Capítulo cuarto: La casa de Auteuil



Al bajar la escalera, Montecristo había observado que Bertuccio se había persignado a la manera de los corsos, es decir, cortando el aire en forma de cruz con el pulgar, y que al tomar asiento en el ca­rruaje había murmurado una breve oración. Cualquier otro que fuera un hombre curioso hubiese tenido compasión de la singular repugnan­cia manifestada por el digno intendente para el paseo premeditado extramuros por el conde, pero según parece, éste era demasiado cu­rioso para poder dispensar a Bertuccio de tal viaje.

En veinte minutos estuvieron en Auteuil.
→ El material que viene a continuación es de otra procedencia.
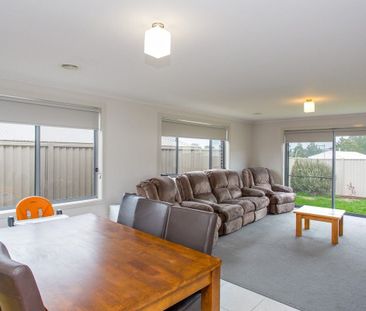 GREAT FAMILY HOME WITH DUCTED HEATING AND COOLING - Photo 4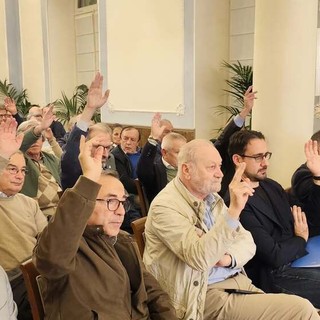Stangata sulle bollette di Rivieracqua: via libera all’aumento. Scajola: "Ma investimenti per 133 milioni" Stangata sulle bollette di Rivieracqua: via libera all’aumento. Scajola: "Ma investimenti per 133 milioni"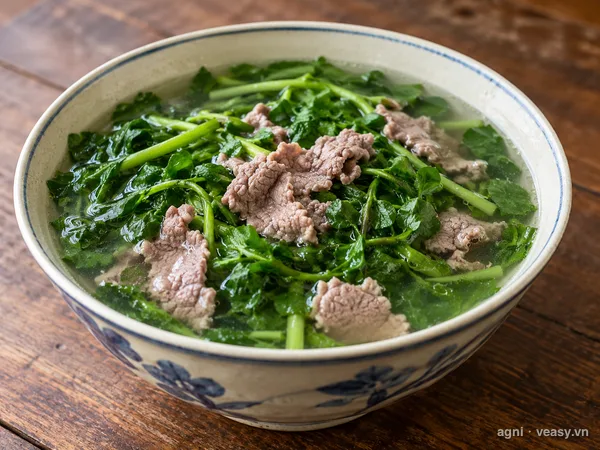 Canh thịt bò cải xoong (ảnh minh hoạ do AI tạo)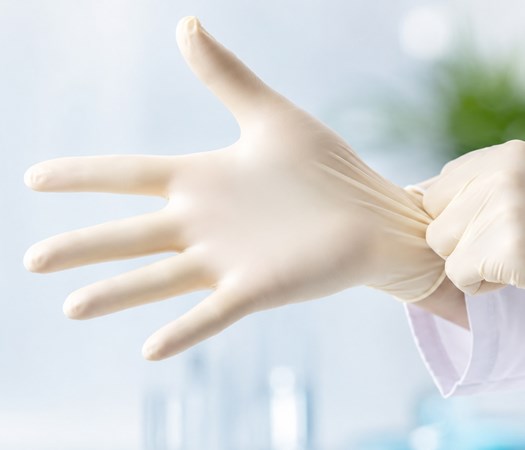 Disposable Latex Gloves: Key Benefits & Uses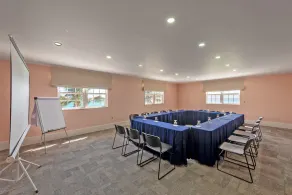 Butterfly Beach Hotel - Image 5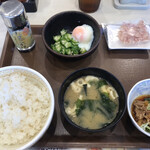 すき家 - 料理写真:まぜのっけ朝食 350円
La emoción del mayor­domo iba en aumento. Al entrar en el pueblo, Bertuccio, arrimado a un rincón del coche, comenzó a examinar con una emoción febril todas las casas por delante de las cuales pasaban.
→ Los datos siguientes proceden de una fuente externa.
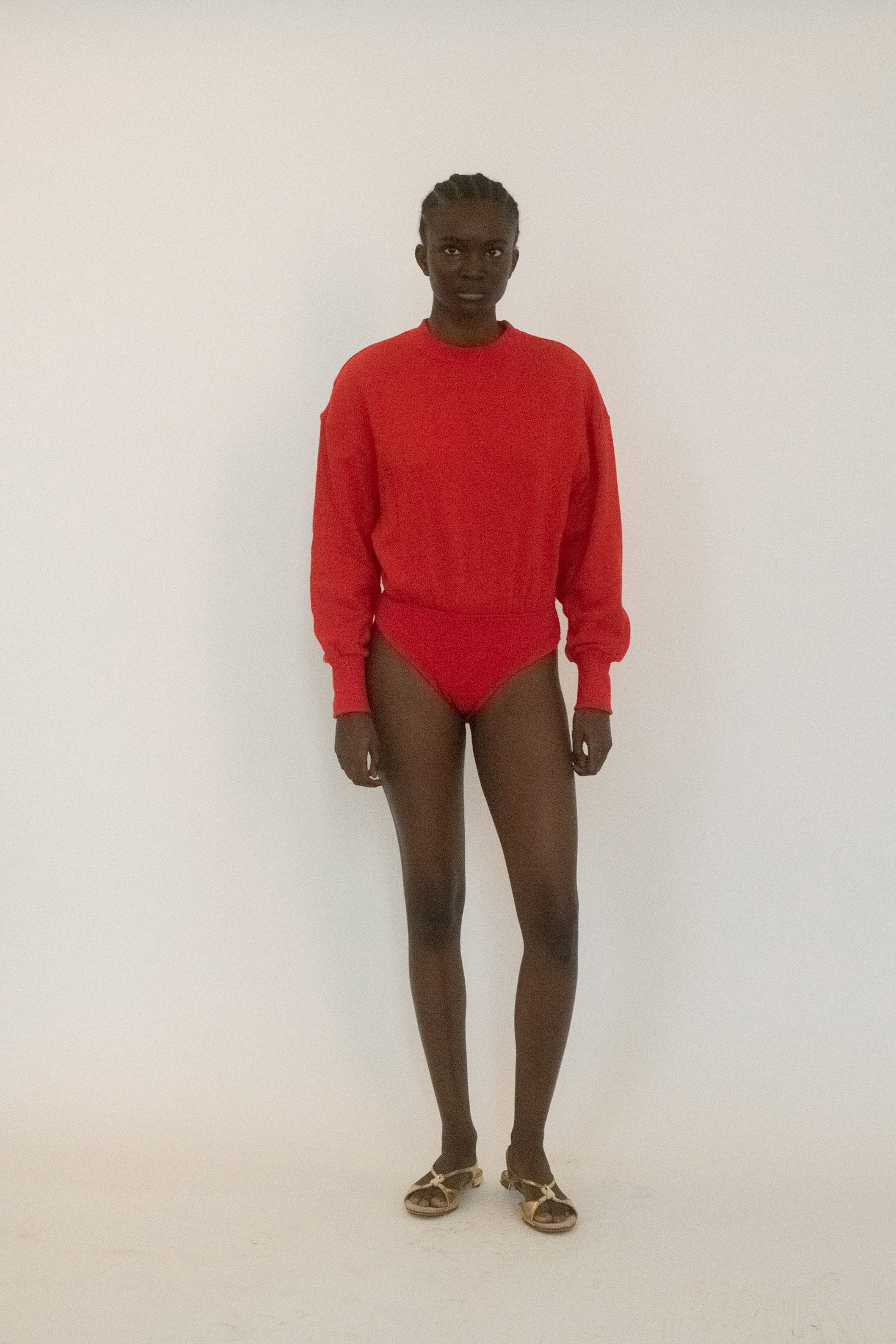 Soft where it touches, deliberate where it holds.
—Pararéis en la calle de La Fontaine, número 28 —dijo el conde, fijando despiadadamente su mirada sobre el mayordomo, al cual daba esta orden.
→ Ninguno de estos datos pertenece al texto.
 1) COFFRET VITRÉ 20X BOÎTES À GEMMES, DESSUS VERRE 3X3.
La frente de Bertuccio estaba bañada en sudor, y sin embargo obe­deció a inclinándose fuera del carruaje, gritó al cochero:

—Calle de La Fontaine, número 28.

Este número 28 estaba situado en un extremo del pueblo. Durante el viaje había ido oscureciendo, como si se hiciera de noche, o más bien una nube negra, cargada de electricidad, daba a estas tinieblas la apariencia y solemnidad de un episodio dramático. El carruaje se detuvo, y el lacayo se precipitó a la portezuela para abrirla.

—Y bien —dijo el conde—, ¿no os apeáis, señor Bertuccio? ¿Os quedáis dentro? ¿En qué diablos pensáis hoy?

Bertuccio se precipitó por la portezuela, y presentó su hombro al conde, quien se apoyó esta vez y bajó uno a uno los tres escalones del estribo.

—Id a llamar —dijo el conde—, y anunciadme.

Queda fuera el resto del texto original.